« On est le 18 août, j’aime un garçon qui en aime un autre, j’attends un enfant de lui, et j’ai mis le premier pull que j’ai trouvé dans l’armoire, alors qu’il doit faire vingt-six degrés, parce que cette nuit, en une seconde, j’ai eu peur de continuer la vie, comme ça. »
Voila, tout est dit. Je spoile à mort mais tant pis, l’intérêt du roman n’est pas selon moi dans l’histoire mais dans son traitement. Jeanne passe toutes ses vacances chez sa grand-mère. Elle y retrouve Julie, Chloé, Baptiste, Tom et Lucas. « Pas une histoire d’amour. Une histoire d’amitié. Sévère. Inséparables, forcément. Bancals, des failles, des fous rires, des zones d’ombres, des mensonges sans doute, des nuits blanches, des mains, sans cesse dans d’autres mains. » De Lucas, Jeanne est follement amoureuse. Elle va se donner à lui comme elle ne s’est jamais donnée auparavant : « Dès que l’on se retrouvait seuls, Lucas prenait ma main, et puis ma bouche, et puis moi, tout entière. Et c’était la plus belle chose qui m’était jamais arrivé dans ma vie. » Sauf que Lucas n’est pas vraiment celui qu’elle croit et que l’amour absolu qu’elle lui porte n’est, malgré les apparences, pas réciproque.
Je disais que l’histoire comptait moins que son traitement et c’est réellement le sentiment que j’ai eu en refermant ce court roman.
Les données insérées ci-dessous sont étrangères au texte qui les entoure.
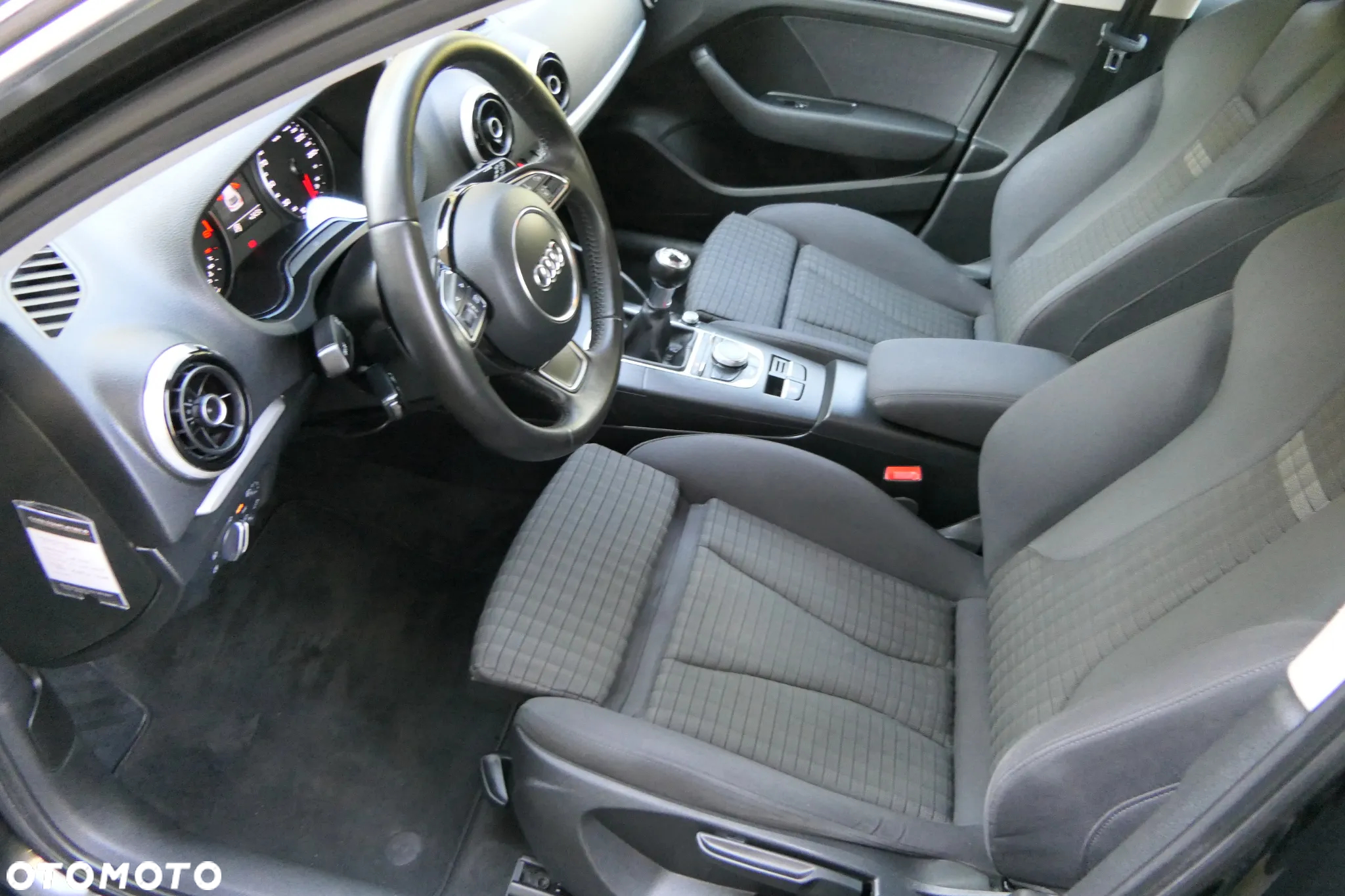 Audi A3 1.6 TDI Ambition - 17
Parce que Madeline Roth dit la douleur affective, le chagrin qui vous laboure les entrailles, le vertige de la perte comme rarement je l’ai lu dans un texte pour ados. Le monologue de Jeanne est aussi puissant que lucide, aussi sincère que touchant. Lucas est en elle, partout, tout le temps, cicatrice béante marquant ses chairs au fer rouge, tatouage qui électrise chaque grain de peau et n’a rien d’éphémère. C’est la confession d’un déchirement, avec une fenêtre ouverte sur une possible reconstruction. Mais la trace restera indélébile, quel que soit l’avenir. Magistral.